Task description: Each line from the first entry to the line with "Is Hollywood Really", both included, is to be returned unchanged, with any pictures dropped.

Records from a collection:
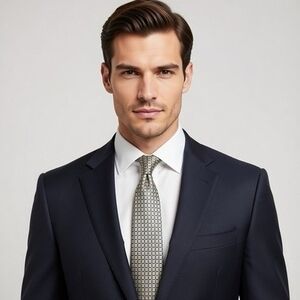 Tommy Hilfiger Men's Silk Tie Yellow & Navy Blue Grid Geometric Pattern Preppy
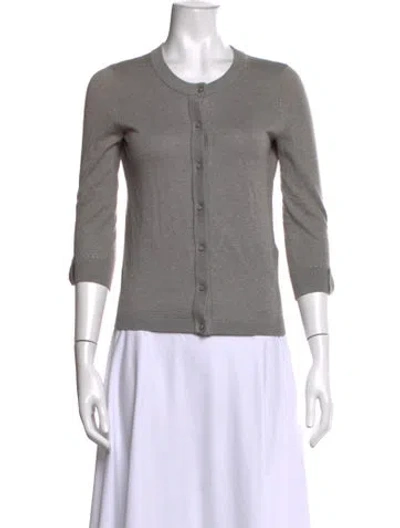 Pre-owned Kate Spade Crew Neck Sweater In Gray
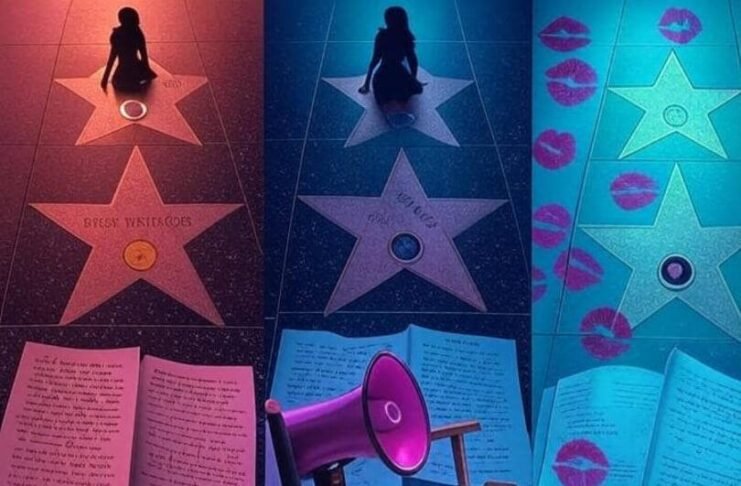 Is Hollywood Really Changing? A Feminist Perspective Hollywood feminism triptych: star silhouette, director chair, neon "Women Run This Show" sign.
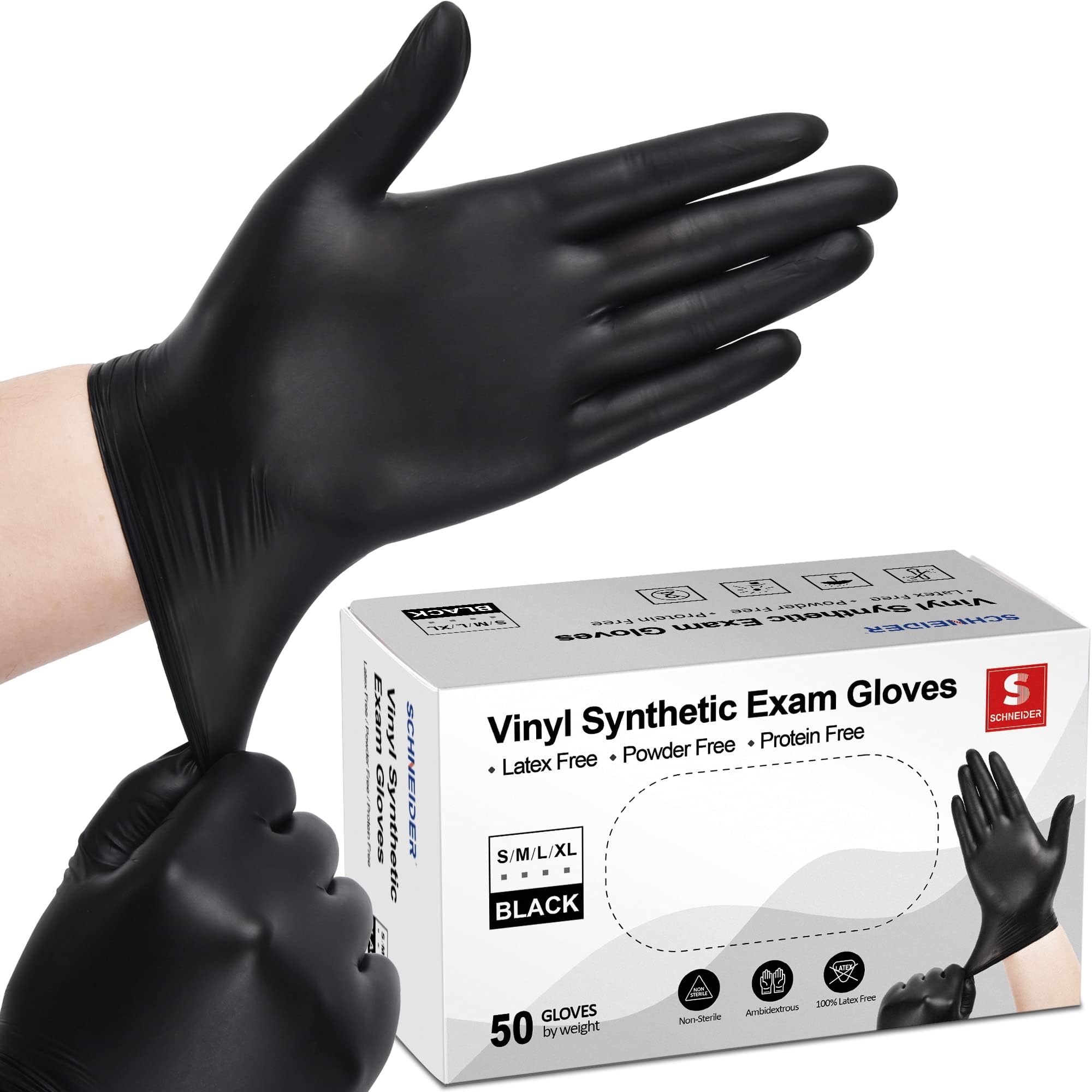 Photo 1 of Schneider Black Vinyl Exam Gloves, 4mil, Disposable Gloves Latex-Free, Plastic Gloves for Medical, Cooking, Cleaning, and Food Prep, Sizes Medium
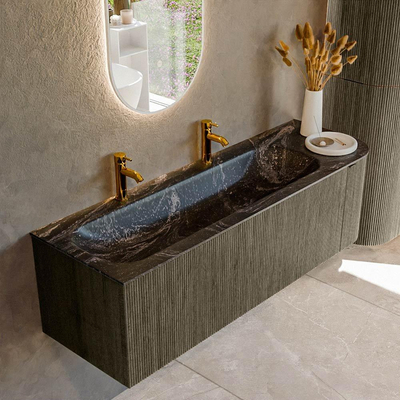 Mondiaz KURVE-DLUX Badkamermeubelset - 145x46x40cm - 1 lade - 1 deur - wastafel solid surface - links - 2 kraangaten - Shadow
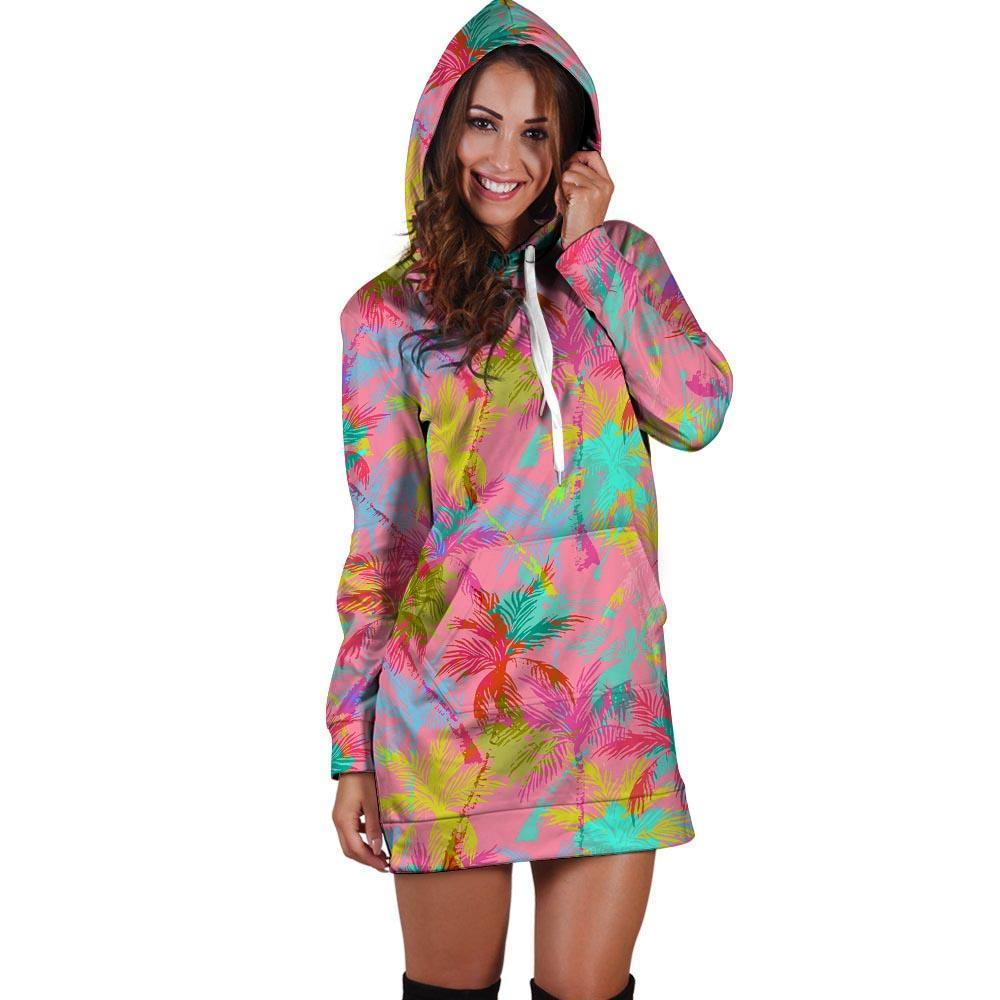 Colorful Palm Tree Hawaiian Print Hoodie Dress-grizzshop
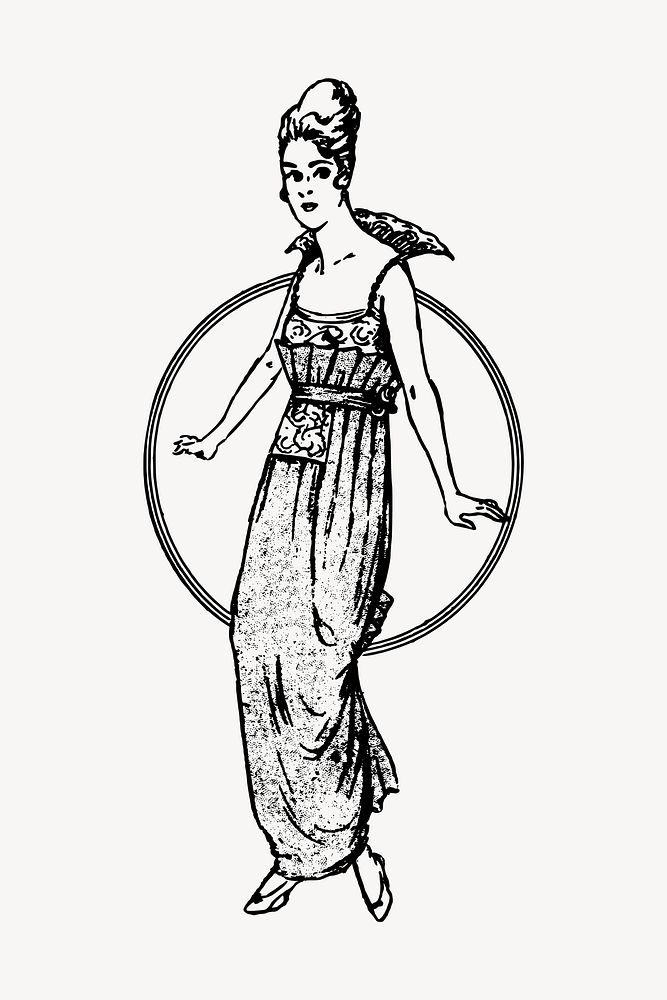 Vintage woman clipart illustration vector. Free public domain CC0 image.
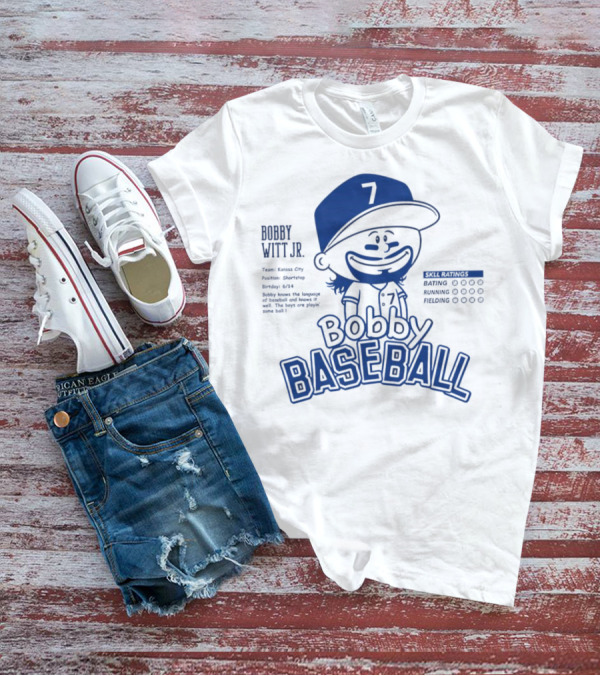 Bobby Witt Jr. Kansas City Bobby Baseball Caricature Skill Ratings T-Shirt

Reply:
 Tommy Hilfiger Men's Silk Tie Yellow & Navy Blue Grid Geometric Pattern Preppy
 Pre-owned Kate Spade Crew Neck Sweater In Gray
 Is Hollywood Really Changing? A Feminist Perspective Hollywood feminism triptych: star silhouette, director chair, neon "Women Run This Show" sign.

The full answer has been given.